Thursday, June 25, 2009
It was my usual end-of-day confession of failure. Letters I hadn't written, phone calls I'd intended to make, opportunities for kindness I hadn't seized upon. God must be as tired of hearing these bedtime laments, I thought, as I was of making them.
That's when some drawings I'd seen that morning popped into my mind: a two-page spread in a volume of cartoons in the dentist's waiting room. There were no captions, just thirty black-and-white drawings tracing a day in the life of a cymbal player. The musician wakes up, shaves, dresses, eats breakfast, studies his score. Finally he puts his cymbals in their case, travels to the concert hall and takes his place in the percussion section of the orchestra.
He waits quietly through most of the program.

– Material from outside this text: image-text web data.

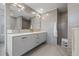Sleek, modern bathroom with double vanity, large mirror, and gray tile at 205 5Th N Ave # 501, St Petersburg, FL 33701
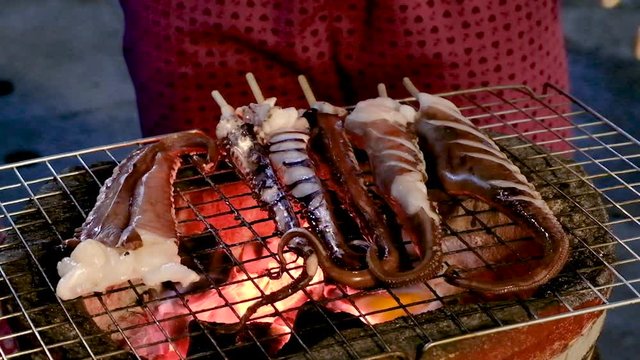 Grill fresh raw tentacle Octopus on griller for snack street food Mae Hong Son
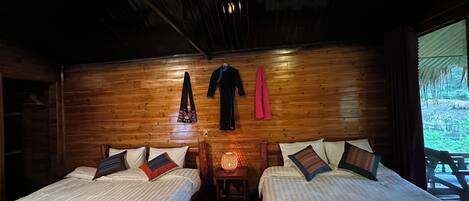 A wooden room with two beds, a hanging garment rack, and a nightlight.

As his time to perform approaches, he seizes the cymbals and stands up, breathlessly watching the conductor's baton. The big moment comes! He clashes the cymbals together, one ringing, reverberating, perfectly timed note.
His allotted role accomplished, he leaves the stage, puts on hat and coat, travels home, enjoys dinner, yawns, puts on his pajamas, brushes his teeth, and goes to bed supremely content.
The cymbal player has done the one thing required of him. And was I, I wondered, remembering that picture-story, so capable and important—so central to God's plan—that He asked more of me? Maybe in the multiplicity of each day's events there was a single assignment for me. Maybe if I watched the Conductor more closely I would discover what it was.
Faithful Lord, what one thing have You for me to do this day?